YOUR GOAL:
What do the lines say from the start of the entries through the one containing "a hand inserts"? Repeat them exactly.

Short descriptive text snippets
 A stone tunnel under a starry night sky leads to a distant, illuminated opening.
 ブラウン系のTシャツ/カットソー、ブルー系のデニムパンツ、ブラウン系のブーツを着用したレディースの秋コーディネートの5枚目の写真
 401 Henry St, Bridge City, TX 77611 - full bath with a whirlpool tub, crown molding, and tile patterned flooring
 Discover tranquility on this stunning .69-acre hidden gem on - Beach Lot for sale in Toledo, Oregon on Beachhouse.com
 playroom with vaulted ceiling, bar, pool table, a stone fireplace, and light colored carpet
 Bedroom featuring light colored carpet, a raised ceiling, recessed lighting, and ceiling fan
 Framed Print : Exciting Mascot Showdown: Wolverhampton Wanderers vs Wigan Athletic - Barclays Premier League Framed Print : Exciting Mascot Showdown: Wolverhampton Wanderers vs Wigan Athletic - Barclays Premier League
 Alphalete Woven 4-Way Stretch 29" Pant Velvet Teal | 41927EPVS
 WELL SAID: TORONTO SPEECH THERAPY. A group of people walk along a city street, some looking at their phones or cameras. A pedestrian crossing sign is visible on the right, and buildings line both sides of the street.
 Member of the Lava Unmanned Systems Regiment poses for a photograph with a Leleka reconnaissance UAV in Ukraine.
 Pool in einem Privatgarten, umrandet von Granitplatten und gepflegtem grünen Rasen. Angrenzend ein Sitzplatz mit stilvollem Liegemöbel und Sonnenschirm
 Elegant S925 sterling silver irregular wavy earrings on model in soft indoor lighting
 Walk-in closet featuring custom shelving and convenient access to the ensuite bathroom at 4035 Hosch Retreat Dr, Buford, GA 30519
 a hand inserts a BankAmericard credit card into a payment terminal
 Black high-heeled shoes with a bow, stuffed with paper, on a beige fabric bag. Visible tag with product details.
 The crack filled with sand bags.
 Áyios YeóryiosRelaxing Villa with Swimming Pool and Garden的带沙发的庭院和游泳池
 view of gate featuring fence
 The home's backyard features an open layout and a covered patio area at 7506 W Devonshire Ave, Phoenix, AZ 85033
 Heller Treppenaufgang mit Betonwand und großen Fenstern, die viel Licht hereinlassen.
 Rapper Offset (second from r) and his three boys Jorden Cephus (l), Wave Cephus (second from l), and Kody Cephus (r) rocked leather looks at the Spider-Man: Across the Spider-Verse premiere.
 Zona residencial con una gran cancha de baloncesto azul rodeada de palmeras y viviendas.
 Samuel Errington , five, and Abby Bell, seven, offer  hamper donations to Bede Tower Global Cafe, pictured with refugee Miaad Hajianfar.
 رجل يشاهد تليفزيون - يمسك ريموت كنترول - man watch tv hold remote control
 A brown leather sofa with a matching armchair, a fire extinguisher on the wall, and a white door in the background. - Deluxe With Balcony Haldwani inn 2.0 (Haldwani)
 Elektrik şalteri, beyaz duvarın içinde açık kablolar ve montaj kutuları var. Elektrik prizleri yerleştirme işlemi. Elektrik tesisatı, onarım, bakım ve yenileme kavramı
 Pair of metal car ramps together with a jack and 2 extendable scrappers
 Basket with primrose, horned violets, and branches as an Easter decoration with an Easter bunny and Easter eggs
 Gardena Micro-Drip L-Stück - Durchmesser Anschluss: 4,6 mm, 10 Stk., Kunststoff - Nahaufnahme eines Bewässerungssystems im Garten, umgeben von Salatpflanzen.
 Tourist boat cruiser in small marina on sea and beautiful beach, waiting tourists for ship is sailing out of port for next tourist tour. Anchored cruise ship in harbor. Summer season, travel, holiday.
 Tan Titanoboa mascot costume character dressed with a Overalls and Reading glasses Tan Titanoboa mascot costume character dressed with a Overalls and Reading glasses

YOUR SOLUTION:
 A stone tunnel under a starry night sky leads to a distant, illuminated opening.
 ブラウン系のTシャツ/カットソー、ブルー系のデニムパンツ、ブラウン系のブーツを着用したレディースの秋コーディネートの5枚目の写真
 401 Henry St, Bridge City, TX 77611 - full bath with a whirlpool tub, crown molding, and tile patterned flooring
 Discover tranquility on this stunning .69-acre hidden gem on - Beach Lot for sale in Toledo, Oregon on Beachhouse.com
 playroom with vaulted ceiling, bar, pool table, a stone fireplace, and light colored carpet
 Bedroom featuring light colored carpet, a raised ceiling, recessed lighting, and ceiling fan
 Framed Print : Exciting Mascot Showdown: Wolverhampton Wanderers vs Wigan Athletic - Barclays Premier League Framed Print : Exciting Mascot Showdown: Wolverhampton Wanderers vs Wigan Athletic - Barclays Premier League
 Alphalete Woven 4-Way Stretch 29" Pant Velvet Teal | 41927EPVS
 WELL SAID: TORONTO SPEECH THERAPY. A group of people walk along a city street, some looking at their phones or cameras. A pedestrian crossing sign is visible on the right, and buildings line both sides of the street.
 Member of the Lava Unmanned Systems Regiment poses for a photograph with a Leleka reconnaissance UAV in Ukraine.
 Pool in einem Privatgarten, umrandet von Granitplatten und gepflegtem grünen Rasen. Angrenzend ein Sitzplatz mit stilvollem Liegemöbel und Sonnenschirm
 Elegant S925 sterling silver irregular wavy earrings on model in soft indoor lighting
 Walk-in closet featuring custom shelving and convenient access to the ensuite bathroom at 4035 Hosch Retreat Dr, Buford, GA 30519
 a hand inserts a BankAmericard credit card into a payment terminal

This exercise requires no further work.